Out of the material that follows, write out exactly the lines from the line with "Как утеплить пол" to the line with "Planning Applications", both ends included, and no others.

Segment Start: Data section

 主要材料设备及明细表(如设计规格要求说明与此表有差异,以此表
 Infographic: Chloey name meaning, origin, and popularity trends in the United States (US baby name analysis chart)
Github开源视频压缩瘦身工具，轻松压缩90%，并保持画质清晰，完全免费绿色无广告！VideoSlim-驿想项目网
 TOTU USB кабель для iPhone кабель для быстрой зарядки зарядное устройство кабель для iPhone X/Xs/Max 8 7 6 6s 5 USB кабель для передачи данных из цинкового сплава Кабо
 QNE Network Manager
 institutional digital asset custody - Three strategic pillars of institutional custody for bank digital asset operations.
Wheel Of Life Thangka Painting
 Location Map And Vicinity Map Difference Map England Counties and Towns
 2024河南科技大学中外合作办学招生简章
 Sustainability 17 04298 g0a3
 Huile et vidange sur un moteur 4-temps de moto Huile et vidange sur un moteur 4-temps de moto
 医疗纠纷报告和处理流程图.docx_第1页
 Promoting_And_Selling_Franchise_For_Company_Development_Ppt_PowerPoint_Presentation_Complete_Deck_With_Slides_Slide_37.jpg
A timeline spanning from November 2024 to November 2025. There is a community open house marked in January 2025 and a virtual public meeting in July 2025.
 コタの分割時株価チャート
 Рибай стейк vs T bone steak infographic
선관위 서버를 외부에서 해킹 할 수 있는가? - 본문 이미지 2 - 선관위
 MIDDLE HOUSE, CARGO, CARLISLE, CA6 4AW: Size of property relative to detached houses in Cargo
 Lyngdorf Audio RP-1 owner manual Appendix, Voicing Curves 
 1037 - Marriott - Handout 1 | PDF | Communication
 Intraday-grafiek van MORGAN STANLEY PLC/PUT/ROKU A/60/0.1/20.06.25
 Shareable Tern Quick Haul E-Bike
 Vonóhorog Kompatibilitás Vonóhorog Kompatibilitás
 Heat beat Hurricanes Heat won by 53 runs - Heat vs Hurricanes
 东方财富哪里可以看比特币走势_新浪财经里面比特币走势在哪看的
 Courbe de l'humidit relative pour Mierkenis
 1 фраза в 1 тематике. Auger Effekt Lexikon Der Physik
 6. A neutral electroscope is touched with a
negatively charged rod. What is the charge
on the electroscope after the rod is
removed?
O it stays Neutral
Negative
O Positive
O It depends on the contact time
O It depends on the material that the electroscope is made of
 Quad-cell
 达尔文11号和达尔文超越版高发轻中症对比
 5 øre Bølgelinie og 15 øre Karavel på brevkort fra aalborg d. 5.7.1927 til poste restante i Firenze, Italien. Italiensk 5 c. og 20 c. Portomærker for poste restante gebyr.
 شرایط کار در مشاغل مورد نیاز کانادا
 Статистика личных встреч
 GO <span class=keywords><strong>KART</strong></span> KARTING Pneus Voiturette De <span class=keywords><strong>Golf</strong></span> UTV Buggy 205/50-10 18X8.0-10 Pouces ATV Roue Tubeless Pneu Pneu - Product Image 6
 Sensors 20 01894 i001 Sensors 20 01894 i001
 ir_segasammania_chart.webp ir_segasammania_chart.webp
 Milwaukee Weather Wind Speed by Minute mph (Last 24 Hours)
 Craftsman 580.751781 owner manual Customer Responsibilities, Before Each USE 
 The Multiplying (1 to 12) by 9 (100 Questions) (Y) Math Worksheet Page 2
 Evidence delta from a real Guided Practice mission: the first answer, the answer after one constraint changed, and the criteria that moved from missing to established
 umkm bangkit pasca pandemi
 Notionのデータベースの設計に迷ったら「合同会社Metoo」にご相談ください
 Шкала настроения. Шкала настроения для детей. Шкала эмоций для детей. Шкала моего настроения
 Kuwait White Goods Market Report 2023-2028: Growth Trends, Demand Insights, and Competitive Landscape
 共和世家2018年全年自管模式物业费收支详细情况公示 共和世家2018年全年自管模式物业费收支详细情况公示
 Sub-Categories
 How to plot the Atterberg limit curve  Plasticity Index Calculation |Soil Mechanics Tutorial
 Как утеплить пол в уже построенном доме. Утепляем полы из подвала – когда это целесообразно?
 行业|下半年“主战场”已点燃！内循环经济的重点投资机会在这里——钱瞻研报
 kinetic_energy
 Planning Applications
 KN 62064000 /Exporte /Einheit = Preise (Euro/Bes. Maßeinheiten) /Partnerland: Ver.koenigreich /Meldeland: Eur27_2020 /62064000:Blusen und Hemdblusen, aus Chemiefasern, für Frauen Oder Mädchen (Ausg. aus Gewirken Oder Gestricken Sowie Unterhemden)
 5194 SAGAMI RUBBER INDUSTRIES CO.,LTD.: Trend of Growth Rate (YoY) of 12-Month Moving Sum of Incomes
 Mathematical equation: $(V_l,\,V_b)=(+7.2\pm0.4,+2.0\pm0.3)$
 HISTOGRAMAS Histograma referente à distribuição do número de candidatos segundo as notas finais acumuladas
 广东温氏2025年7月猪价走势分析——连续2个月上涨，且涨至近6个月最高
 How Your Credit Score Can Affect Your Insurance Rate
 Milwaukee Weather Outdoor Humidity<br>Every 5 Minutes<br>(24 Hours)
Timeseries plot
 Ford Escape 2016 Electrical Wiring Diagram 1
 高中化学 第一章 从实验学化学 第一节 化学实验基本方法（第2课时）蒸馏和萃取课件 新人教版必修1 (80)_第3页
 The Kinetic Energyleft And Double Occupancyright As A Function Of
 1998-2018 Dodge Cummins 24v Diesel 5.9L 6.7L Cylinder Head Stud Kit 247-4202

Segment End: Data section

Reply to the exercise –
 Как утеплить пол в уже построенном доме. Утепляем полы из подвала – когда это целесообразно?
 行业|下半年“主战场”已点燃！内循环经济的重点投资机会在这里——钱瞻研报
 kinetic_energy
 Planning Applications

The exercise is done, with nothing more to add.